Re: [PATCH 1/1] mm: lock VMAs skipped by a failed queue_pages_range()
From: Yang Shi
Date: Tue Sep 19 2023 - 17:09:58 EST
On Tue, Sep 19, 2023 at 1:53 AM Michal Hocko <mhocko@xxxxxxxx> wrote:
>
> On Mon 18-09-23 14:16:08, Suren Baghdasaryan wrote:
> > When queue_pages_range() encounters an unmovable page, it terminates
> > its page walk. This walk, among other things, locks the VMAs in the range.

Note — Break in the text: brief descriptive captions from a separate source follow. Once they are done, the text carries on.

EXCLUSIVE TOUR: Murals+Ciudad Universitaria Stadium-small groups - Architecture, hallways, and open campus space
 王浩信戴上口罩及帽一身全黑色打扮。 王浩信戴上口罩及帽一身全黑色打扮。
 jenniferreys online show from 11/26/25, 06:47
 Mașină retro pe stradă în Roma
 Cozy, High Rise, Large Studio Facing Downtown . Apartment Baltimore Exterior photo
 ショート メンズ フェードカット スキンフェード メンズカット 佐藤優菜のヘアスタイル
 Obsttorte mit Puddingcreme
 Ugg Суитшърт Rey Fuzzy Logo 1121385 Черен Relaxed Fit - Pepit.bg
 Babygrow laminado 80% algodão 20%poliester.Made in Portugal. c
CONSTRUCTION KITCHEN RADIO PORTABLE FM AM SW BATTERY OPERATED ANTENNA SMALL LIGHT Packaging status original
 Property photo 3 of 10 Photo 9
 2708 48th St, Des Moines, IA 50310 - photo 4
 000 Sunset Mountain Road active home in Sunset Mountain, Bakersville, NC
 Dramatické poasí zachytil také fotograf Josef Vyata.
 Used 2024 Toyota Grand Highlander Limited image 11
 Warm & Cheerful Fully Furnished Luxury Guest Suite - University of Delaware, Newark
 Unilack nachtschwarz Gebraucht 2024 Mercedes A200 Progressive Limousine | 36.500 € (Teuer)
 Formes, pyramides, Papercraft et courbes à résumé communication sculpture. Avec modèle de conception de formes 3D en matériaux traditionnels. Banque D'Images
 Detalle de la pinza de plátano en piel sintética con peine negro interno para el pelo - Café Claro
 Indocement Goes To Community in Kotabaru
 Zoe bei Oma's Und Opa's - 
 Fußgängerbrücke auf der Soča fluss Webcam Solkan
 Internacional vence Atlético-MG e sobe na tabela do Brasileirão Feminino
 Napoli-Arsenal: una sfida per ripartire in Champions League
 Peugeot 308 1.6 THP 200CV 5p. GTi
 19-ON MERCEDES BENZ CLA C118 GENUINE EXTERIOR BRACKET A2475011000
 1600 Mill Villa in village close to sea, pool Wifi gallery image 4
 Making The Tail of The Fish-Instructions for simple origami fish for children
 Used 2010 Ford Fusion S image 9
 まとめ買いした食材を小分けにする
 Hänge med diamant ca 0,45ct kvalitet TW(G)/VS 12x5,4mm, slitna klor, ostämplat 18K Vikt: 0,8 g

> > This termination might result in some VMAs being left unlock after
> > queue_pages_range() completes. Since do_mbind() continues to operate on
> > these VMAs despite the failure from queue_pages_range(), it will encounter
> > an unlocked VMA.
> > This mbind() behavior has been modified several times before and might
> > need some changes to either finish the page walk even in the presence
> > of unmovable pages or to error out immediately after the failure to
> > queue_pages_range(). However that requires more discussions, so to
> > fix the immediate issue, explicitly lock the VMAs in the range if
> > queue_pages_range() failed. The added condition does not save much
> > but is added for documentation purposes to understand when this extra
> > locking is needed.
>
> The semantic of the walk in this case is really clear as mud. I was
> trying to reconstruct the whole picture and it really hurts... Then I
> found http://lkml.kernel.org/r/CAHbLzkrmTaqBRmHVdE2kyW57Uoghqd_E+jAXC9cB5ofkhL-uvw@xxxxxxxxxxxxxx
> and that helped a lot. Let's keep it a reference at least in the email
> thread here for future.
FYI, I'm working on a fix for the regression mentioned in that series,
and Hugh has some clean up and enhancement for that too.
>
> > Fixes: 49b0638502da ("mm: enable page walking API to lock vmas during the walk")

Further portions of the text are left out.